The lines from the start of the data through the line containing "这只细狗视频太可爱了！---- 可爱细狗视频萌翻众人！" are to be reproduced exactly, both ends included.

--- The records Enclosed Below ---

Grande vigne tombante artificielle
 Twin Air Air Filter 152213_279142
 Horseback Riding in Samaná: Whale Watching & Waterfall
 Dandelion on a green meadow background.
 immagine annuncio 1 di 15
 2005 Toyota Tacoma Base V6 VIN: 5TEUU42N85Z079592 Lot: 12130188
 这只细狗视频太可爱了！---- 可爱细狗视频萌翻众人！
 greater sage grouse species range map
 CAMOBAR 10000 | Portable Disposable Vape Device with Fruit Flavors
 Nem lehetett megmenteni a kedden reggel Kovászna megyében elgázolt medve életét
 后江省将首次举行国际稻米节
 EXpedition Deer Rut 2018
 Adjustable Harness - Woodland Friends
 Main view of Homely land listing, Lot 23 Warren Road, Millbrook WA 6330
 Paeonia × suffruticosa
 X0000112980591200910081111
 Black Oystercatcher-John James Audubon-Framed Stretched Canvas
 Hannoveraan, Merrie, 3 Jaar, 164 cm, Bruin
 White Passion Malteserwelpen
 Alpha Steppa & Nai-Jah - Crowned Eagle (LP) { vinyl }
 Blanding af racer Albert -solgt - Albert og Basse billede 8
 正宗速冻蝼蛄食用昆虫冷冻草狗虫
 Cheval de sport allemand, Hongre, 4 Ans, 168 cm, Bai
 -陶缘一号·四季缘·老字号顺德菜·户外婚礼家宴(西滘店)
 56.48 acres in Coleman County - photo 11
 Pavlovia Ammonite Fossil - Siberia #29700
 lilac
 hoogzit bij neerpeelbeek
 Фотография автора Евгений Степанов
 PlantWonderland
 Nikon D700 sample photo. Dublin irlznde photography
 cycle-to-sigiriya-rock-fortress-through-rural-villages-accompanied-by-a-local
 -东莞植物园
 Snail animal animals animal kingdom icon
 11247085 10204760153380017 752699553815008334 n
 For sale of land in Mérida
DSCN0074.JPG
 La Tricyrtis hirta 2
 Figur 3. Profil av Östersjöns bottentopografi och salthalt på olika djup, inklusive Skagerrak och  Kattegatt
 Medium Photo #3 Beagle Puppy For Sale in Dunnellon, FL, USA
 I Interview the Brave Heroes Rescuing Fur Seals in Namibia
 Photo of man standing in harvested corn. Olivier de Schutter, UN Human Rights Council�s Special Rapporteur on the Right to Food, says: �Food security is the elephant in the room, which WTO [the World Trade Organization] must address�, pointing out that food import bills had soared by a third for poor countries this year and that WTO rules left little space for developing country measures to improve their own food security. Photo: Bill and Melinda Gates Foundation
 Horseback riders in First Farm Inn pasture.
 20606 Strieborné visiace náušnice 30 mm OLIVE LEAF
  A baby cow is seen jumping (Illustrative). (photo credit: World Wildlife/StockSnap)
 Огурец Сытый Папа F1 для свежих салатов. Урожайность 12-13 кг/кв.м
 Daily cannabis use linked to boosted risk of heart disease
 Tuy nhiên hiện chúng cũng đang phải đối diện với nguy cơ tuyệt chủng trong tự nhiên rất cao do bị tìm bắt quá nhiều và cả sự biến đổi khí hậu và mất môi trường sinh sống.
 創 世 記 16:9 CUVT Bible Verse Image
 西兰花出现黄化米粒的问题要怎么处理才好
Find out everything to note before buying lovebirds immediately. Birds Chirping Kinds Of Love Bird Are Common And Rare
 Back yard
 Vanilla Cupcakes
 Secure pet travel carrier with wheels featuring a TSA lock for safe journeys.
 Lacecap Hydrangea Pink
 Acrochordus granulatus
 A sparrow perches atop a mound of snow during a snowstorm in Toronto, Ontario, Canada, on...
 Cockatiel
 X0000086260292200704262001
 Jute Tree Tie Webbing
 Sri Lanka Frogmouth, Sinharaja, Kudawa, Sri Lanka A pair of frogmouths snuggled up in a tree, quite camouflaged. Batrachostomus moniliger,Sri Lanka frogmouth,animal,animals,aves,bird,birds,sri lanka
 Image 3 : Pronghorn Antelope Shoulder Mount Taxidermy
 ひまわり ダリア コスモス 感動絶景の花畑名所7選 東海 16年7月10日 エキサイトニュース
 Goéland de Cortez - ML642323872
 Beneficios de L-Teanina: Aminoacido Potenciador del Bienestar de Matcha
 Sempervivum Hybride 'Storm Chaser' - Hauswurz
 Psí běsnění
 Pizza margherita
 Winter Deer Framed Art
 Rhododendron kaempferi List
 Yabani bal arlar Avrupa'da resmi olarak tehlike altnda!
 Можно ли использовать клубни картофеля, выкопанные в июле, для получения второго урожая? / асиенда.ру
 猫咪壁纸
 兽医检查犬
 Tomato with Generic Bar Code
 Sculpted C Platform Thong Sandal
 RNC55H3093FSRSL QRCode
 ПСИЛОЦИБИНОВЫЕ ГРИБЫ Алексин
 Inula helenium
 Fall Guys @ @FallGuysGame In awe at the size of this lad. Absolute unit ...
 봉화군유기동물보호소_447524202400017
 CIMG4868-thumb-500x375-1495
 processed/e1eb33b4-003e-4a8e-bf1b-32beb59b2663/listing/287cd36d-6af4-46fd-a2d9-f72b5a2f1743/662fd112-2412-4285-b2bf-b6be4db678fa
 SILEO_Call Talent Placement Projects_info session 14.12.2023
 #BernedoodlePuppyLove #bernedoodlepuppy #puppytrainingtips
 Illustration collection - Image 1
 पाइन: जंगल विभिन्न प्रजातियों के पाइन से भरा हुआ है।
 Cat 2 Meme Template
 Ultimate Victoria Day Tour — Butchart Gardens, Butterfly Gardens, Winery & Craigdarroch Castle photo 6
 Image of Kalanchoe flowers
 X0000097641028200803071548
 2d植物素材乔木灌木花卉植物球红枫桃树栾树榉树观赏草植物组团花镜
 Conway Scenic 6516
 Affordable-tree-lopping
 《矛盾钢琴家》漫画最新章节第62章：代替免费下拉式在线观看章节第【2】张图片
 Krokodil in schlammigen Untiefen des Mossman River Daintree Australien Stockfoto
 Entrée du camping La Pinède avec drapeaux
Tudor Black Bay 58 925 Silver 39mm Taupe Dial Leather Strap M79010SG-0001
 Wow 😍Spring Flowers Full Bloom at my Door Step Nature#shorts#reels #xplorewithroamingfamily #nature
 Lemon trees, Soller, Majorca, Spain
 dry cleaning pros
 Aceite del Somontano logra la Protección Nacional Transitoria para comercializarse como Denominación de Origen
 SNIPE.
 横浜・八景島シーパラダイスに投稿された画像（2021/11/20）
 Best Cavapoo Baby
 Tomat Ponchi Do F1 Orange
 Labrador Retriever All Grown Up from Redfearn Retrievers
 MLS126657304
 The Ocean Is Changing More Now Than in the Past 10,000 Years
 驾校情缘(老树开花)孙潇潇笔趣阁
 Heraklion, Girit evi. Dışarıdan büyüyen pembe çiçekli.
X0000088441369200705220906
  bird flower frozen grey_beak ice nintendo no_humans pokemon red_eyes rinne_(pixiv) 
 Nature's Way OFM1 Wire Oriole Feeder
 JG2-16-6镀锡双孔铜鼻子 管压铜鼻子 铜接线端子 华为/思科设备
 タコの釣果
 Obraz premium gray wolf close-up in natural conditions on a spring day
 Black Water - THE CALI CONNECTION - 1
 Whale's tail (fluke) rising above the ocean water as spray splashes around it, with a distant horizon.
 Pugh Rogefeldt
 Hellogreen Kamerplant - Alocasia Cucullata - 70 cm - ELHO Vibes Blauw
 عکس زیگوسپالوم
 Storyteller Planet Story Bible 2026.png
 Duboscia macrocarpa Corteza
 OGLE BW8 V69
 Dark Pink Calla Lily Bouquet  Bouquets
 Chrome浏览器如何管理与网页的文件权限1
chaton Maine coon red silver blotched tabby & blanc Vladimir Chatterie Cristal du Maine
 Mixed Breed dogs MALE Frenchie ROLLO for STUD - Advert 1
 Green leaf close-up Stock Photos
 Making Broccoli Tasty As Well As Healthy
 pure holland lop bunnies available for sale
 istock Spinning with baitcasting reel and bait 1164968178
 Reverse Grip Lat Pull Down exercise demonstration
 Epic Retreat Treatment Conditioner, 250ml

--- End of Enclosed The records ---

▸ Your solution:
Grande vigne tombante artificielle
 Twin Air Air Filter 152213_279142
 Horseback Riding in Samaná: Whale Watching & Waterfall
 Dandelion on a green meadow background.
 immagine annuncio 1 di 15
 2005 Toyota Tacoma Base V6 VIN: 5TEUU42N85Z079592 Lot: 12130188
 这只细狗视频太可爱了！---- 可爱细狗视频萌翻众人！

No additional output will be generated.